Apache Flink vs. Spark
When comparing Flink vs. Spark, most people focus on the streaming aspects of each solution. Spark Streaming uses a fast-batch operation. It works on a portion of incoming data during a set period of time (referred to as “micro-batching”). While this approach to processing data works well for many situations, it may not be the best in all use cases.
If users truly need real-time data streaming analysis, a batch-processing system is not ideal.

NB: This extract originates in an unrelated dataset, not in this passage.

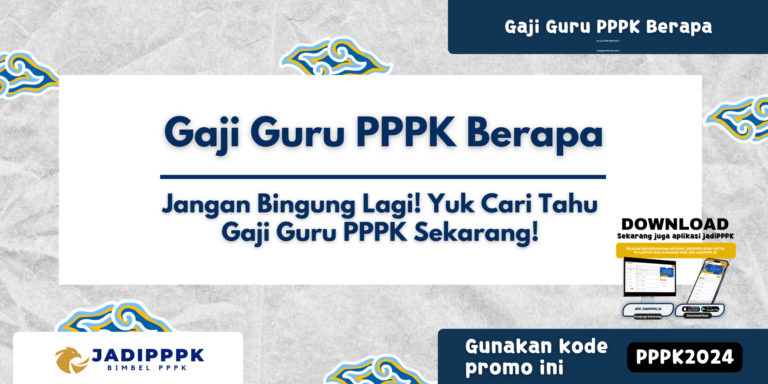 Gaji Guru PPPK Berapa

For example, if users need streams to run real-time auctions, credit card fraud prevention, or to stream real-time patient alerts, a micro-batch process may not be sufficient. In this case, Apache Flink may be the better framework, because it can provide a more pure stream-processing capability with lower latency.
Apache Spark vs. Storm
While Spark and Storm provide fault tolerance and scalability, each framework uses a different processing model. Spark uses micro-batches to process events while Storm processes events one by one (when not considering Storm’s Trident solution). This difference in process handling means that Spark has a latency of seconds while Storm provides a millisecond of latency. Spark Streaming provides a high-level abstraction called a Discretized Stream or DStream, which represents a continuous sequence of RDDs.
Spark’s approach lets you write streaming jobs the same way you write batch jobs, letting you reuse most of the code and business logic. Storm focuses on stream processing (some refer to it as complex event processing). This framework uses a fault tolerant approach to complete computations or to pipeline multiple computations on an event as it flows into the system.